Bank credit officers this week urged their peers to adopt stronger risk-management tools, including computer models and credit-risk rating systems.

At the Robert Morris Associates annual conference here, bankers flocked to several "how-to" sessions on managing credit risk, where they were urged to end what some speakers called habitually passive risk management. About 600 bankers attended the Philadelphia-based trade group's gathering.

They talked about two ways their colleagues could take immediate action: double the number of risk-ratings assigned to loans (many banks have only five); and continually analyze a portfolio to produce a report or number reflecting its "risk-adjusted return on capital."

In other words, a bank needs to find out how well it is being paid for the risk it is taking.

Harry Golliday, a senior vice president of Crestar Bank, a unit of Crestar Financial Corp. in Richmond, Va., offered several models his bank uses to track the risk of loans in its $15 billion portfolio.

"I would say that 90% of problem loans weren't the result of a bad decision in the beginning" of the loan process, Mr. Golliday said. "Rather, it was something that had changed."

One way Crestar keeps its portfolio at a comfortable risk level, he said, was by aiming to keep it a double-A-rated credit. He said Crestar does that through a process of "portfolio-grooming."

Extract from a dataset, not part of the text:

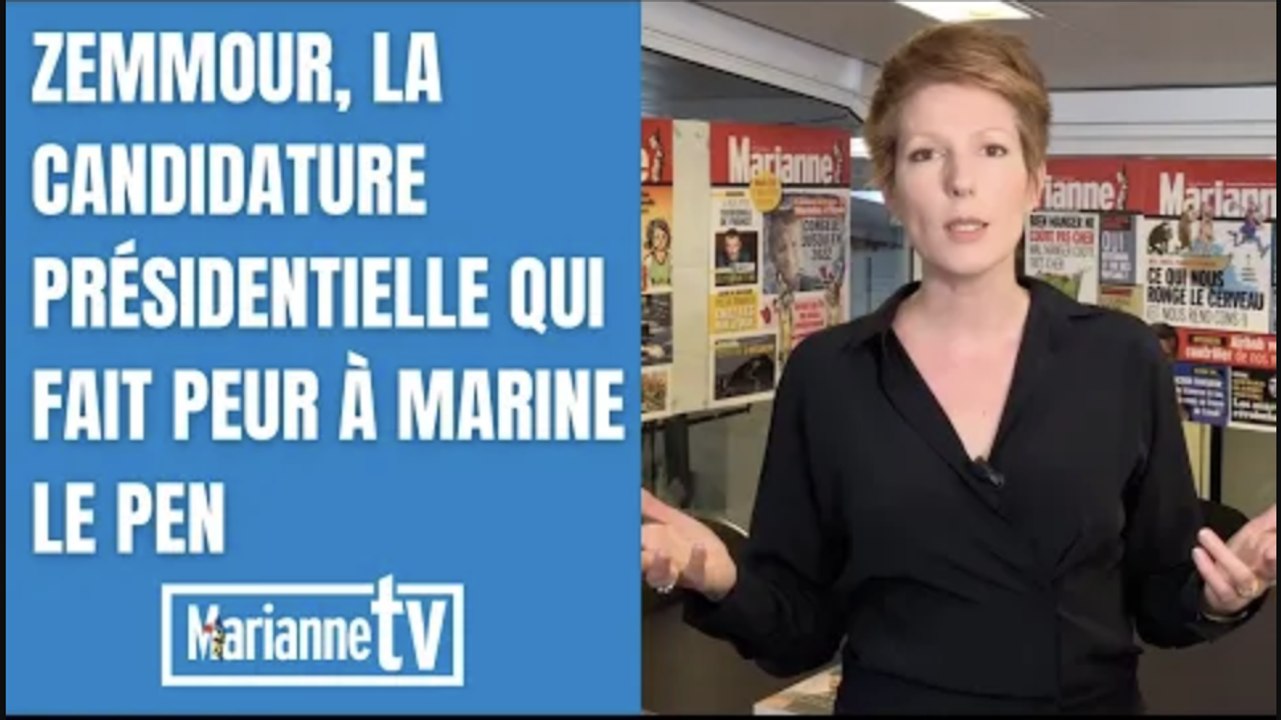 Zemmour, la candidature présidentielle qui fait peur à Marine Le Pen
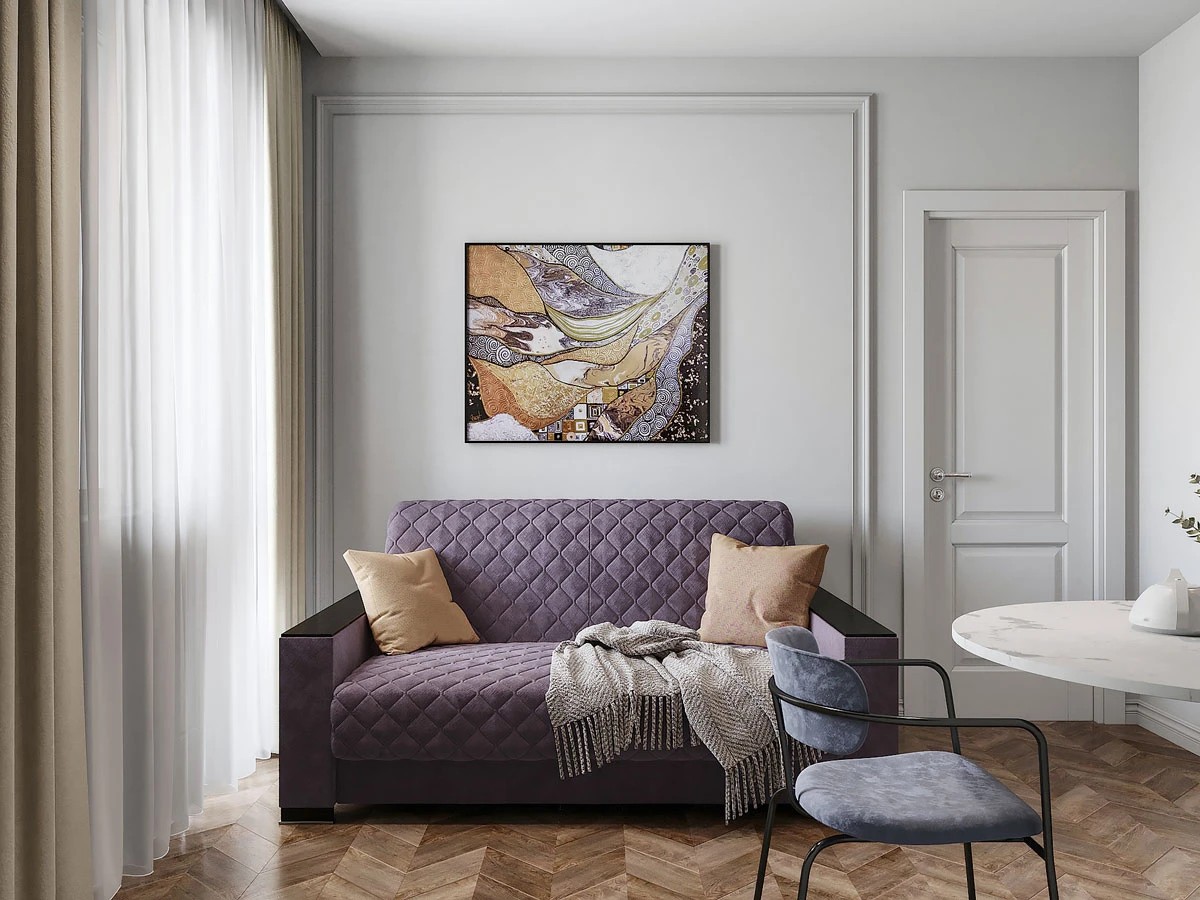 ЖК Уютный. Однокомнатная. Современная классика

Mr. Golliday said securities or loans are pared when there is not enough diversification by geography, industry type, credit product type, risk grade, and market segment.

Rufus King, an executive vice president and chief credit officer for First American National Corp., Nashville, pointed to statistics showing that many bankers are not doing enough to manage credit risk.

In 1997, a Robert Morris survey conducted by First Manhattan Consulting Group found that 19 of the 64 largest banks were considered passive in their portfolio management.

Those banks failed to do their own market-pricing research and held loans through maturity rather than engage in secondary market trading to groom portfolios. The banks also made minimal use of risk-adjusted-return tools.

Bankers here said they were more concerned about managing risk when their senior managements set performance goals for their banks' portfolios. Mr. Golliday said risk-management measurements would not eliminate the inherent risks in high-yielding loans or securities but they could help bankers diversify that risk.

In the end, Mr. Golliday said "if your ROE target is 18% to 20%-that seems to be the benchmark these days-you better have returns that are going to add up to that."

Elliot Asarnow, a managing director at ING Capital Advisors Inc., a subsidiary of ING Barings, stressed that thorough risk management is not easily accomplished. It could require intensive hiring, high compensation packages, and a lot of patience from senior managers.

When Mr. Asarnow put such systems in place at Citicorp, his former employer, "it was clear that in order to achieve anything, it was necessary to have senior management's blessing."

Therefore, Mr. Asarnow urged credit officers to gain "unwavering support from the top." He pointed out that once risk models are in place, they can offset "high-turnover and varying degrees of experience on staff."